Observability Engineer
Department: Engineering
Location: Las Vegas, Nevada
Employment Type: FullTime
Our mission at TensorWave Cloud is to build seamless, secure, reliable, and resilient AI infrastructure at scale, eliminating barriers and challenging the status quo to empower builders and support AI innovation.
About the role
We are looking for an Observability Engineer who is deeply obsessed with Grafana, Prometheus, and modern observability practices.
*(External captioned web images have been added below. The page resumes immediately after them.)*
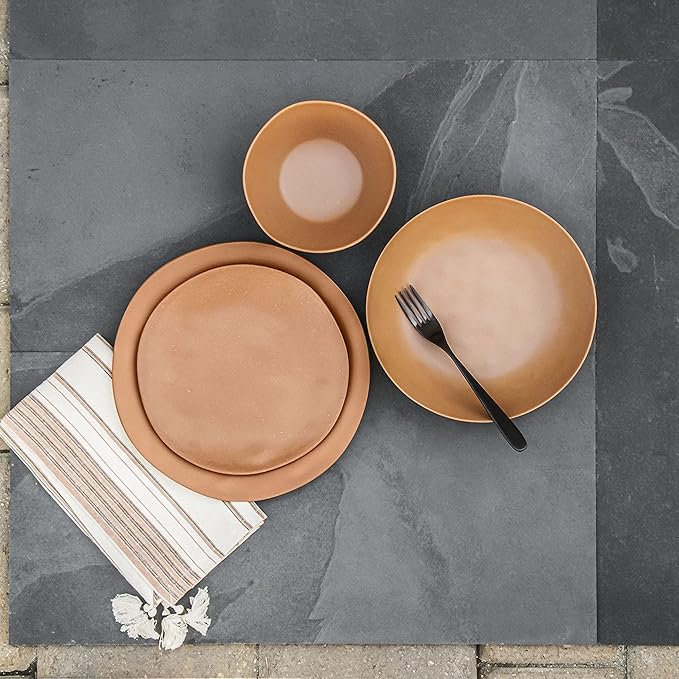 TarHong | Planta Matte Low Bowl - Terracotta, featuring an 8 diameter, is a sustainable, shatterproof dish designed for stylish, eco-friendly dining experiences.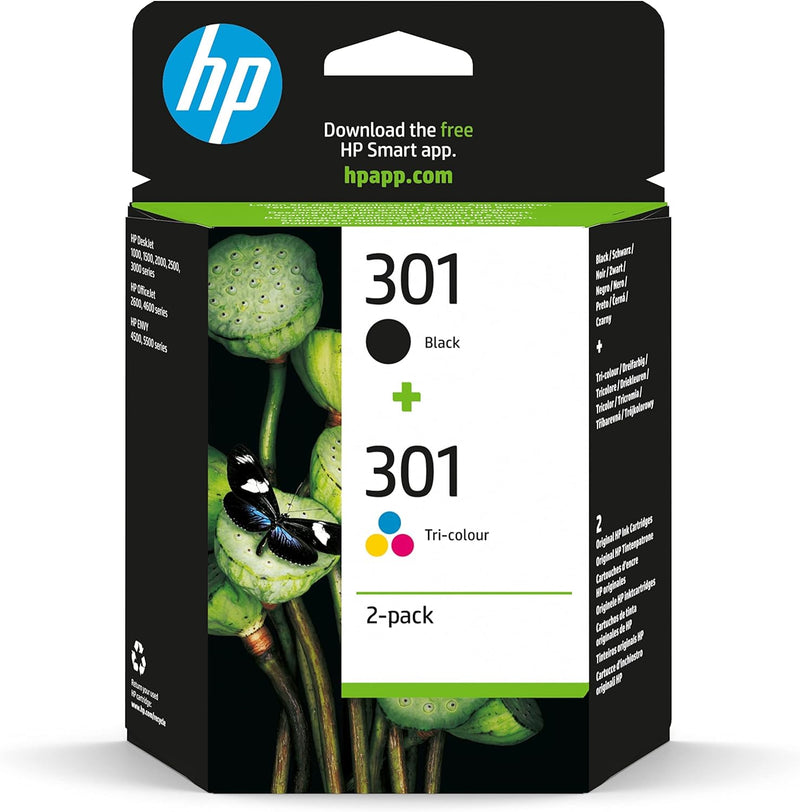 Combopack Cartucce Originali HP 301 Nero + Tri-Color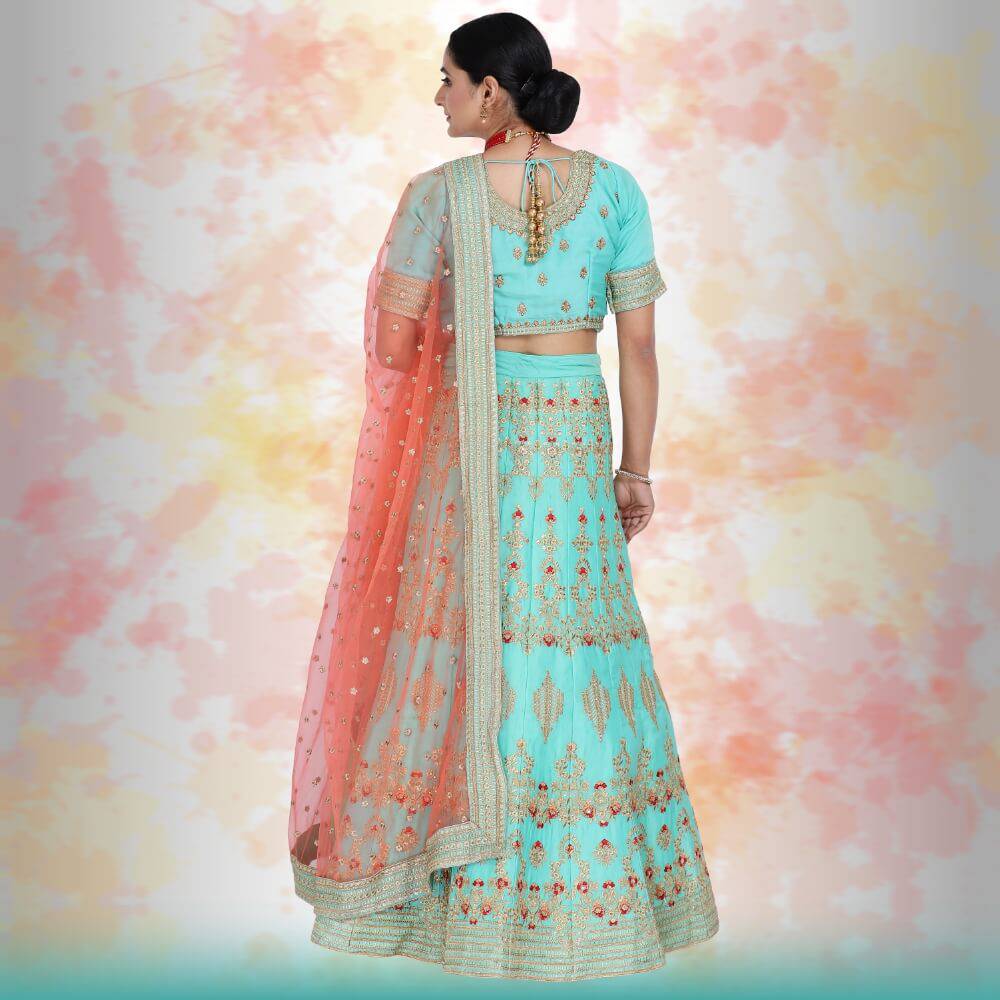 Raw silk Lehenga Choli 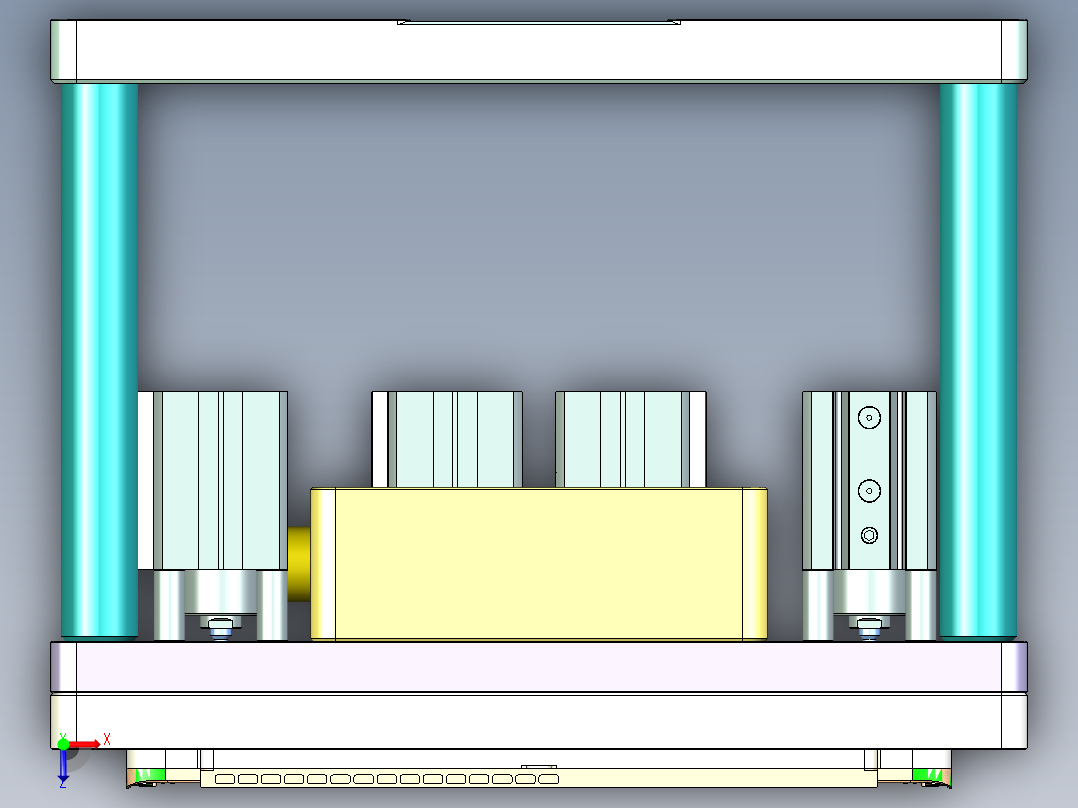 HAZEL-C-笔记本CNC工装夹具三维模型CNC3-0512俯视图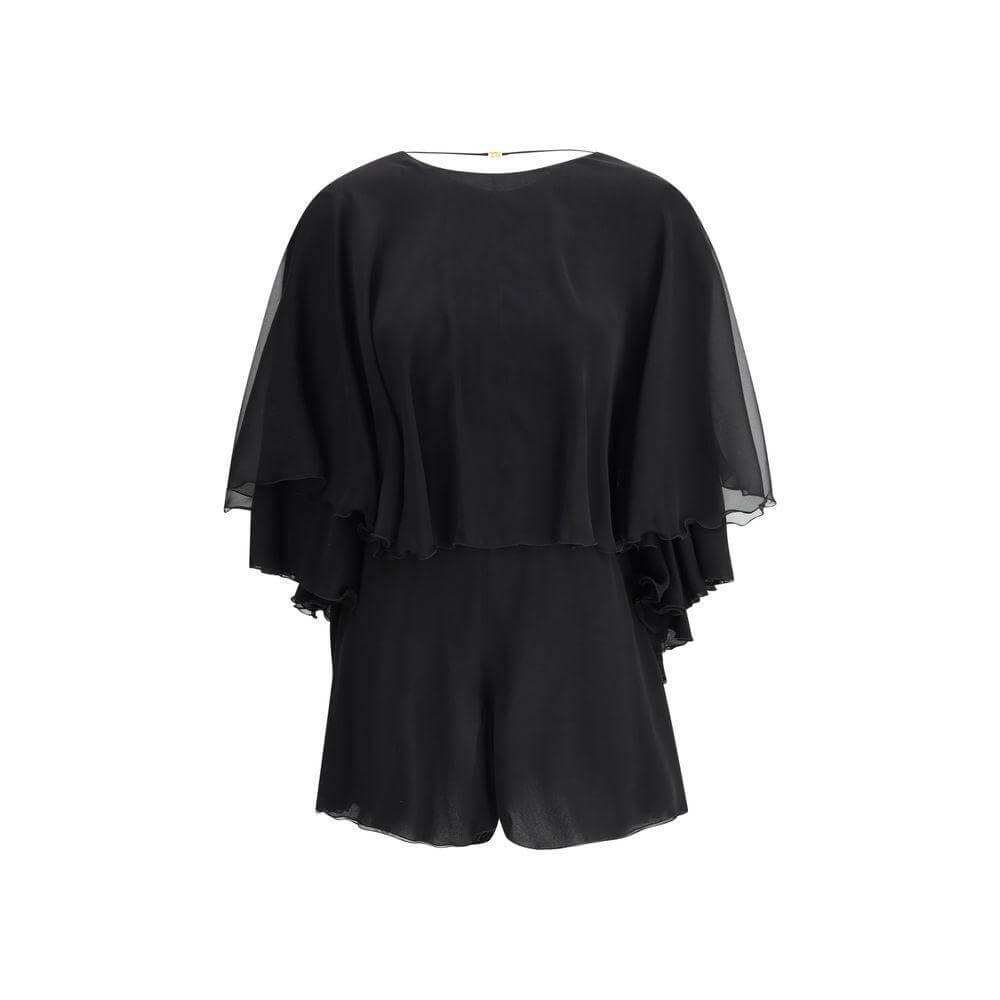 Saint Laurent Silk crepe Playsuit SA-817868Y115W1000-IT36 | XS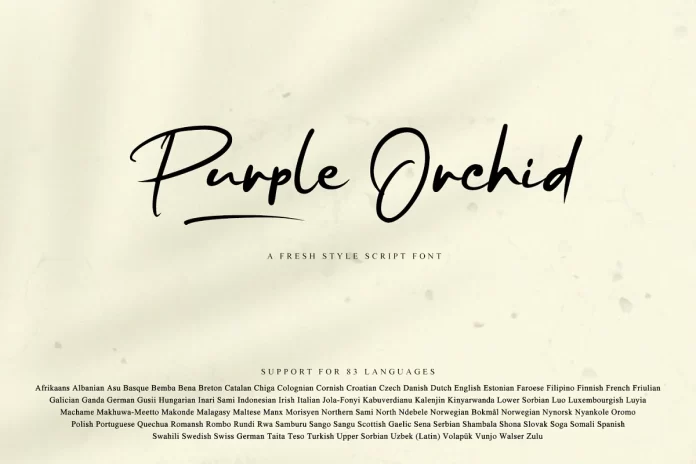 Purple Orchid Typeface Font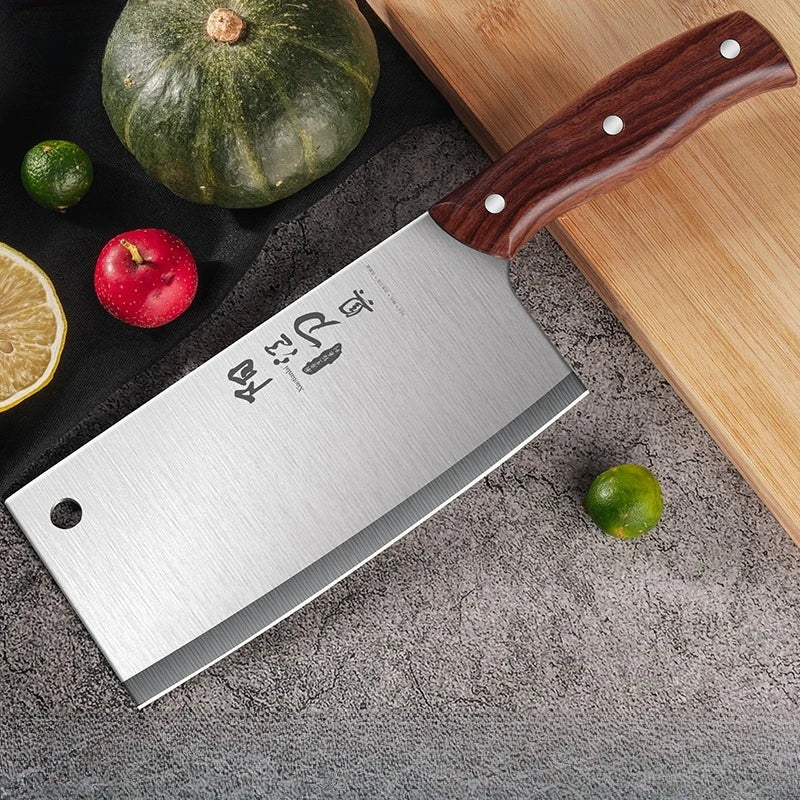 Premium Stainless Steel Meat Cleaver – Ultra Sharp Chef Kitchen Knife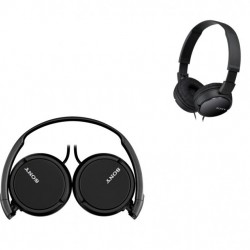 Casti Sony MDRZX110B, Frecventa (Hz) 12 - 22.000, Impedanta (ohmi) 24, Conector Stereo mini in forma de L, placat cu aur, difuzor 30 mm, negru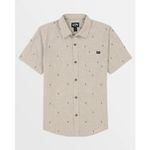 Camisa-Para-Niño-Manga-Corta-Boys--All-Day-Jacquard-Ss-Shirt-Beige-Billabong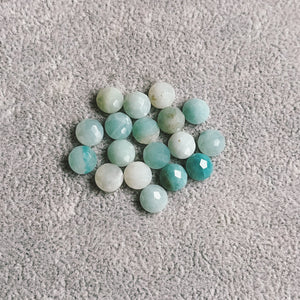 (1) Amazonite Faceted Round Cabochon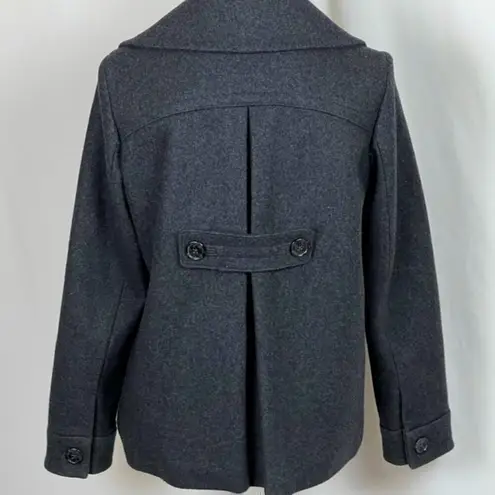 Banana Republic  Gray Wool Blend Double Breasted Classic Style Pea Coat NWOT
This role exists to ensure our systems are measurable, understandable, and debuggable at all times.
You will own the observability stack end-to-end — from instrumentation standards to dashboards, alerts, and signal quality — and work closely with infrastructure, platform, and application teams to make sure nothing important fails silently.
If you think about metrics before features, believe bad alerts are worse than no alerts, and treat Grafana dashboards as first-class products, this role is for you.
Responsibilities
Own and evolve our observability and monitoring platform, with Grafana and Prometheus at its core
Design, build, and maintain high-quality metrics pipelines using Prometheus and related tooling
Create clear, actionable Grafana dashboards that tell a story — not just charts
Define and maintain alerts that are meaningful, actionable, and low-noise
Establish and enforce observability standards across services (metrics, logs, traces)
Partner with engineering teams to instrument applications correctly
Lead improvements to alerting strategies, SLOs, and SLIs
Support incident response by helping teams quickly understand what broke and why
Continuously evaluate and improve signal quality, cardinality, and cost
Identify observability gaps and eliminate blind spots before they become outages
You Are Obsessed With:
Grafana dashboards that instantly explain system health
Prometheus metrics that are intentionally designed, not accidental
Alerts that wake people up only when action is required
Monitoring that scales with system complexity
Observability as a product, not an afterthought
Required Experience
Strong hands-on experience with Grafana and Prometheus
Deep understanding of metrics-based observability
Experience designing monitoring and alerting systems at scale
Strong knowledge of alerting best practices (burn rates, SLO-based alerts, noise reduction)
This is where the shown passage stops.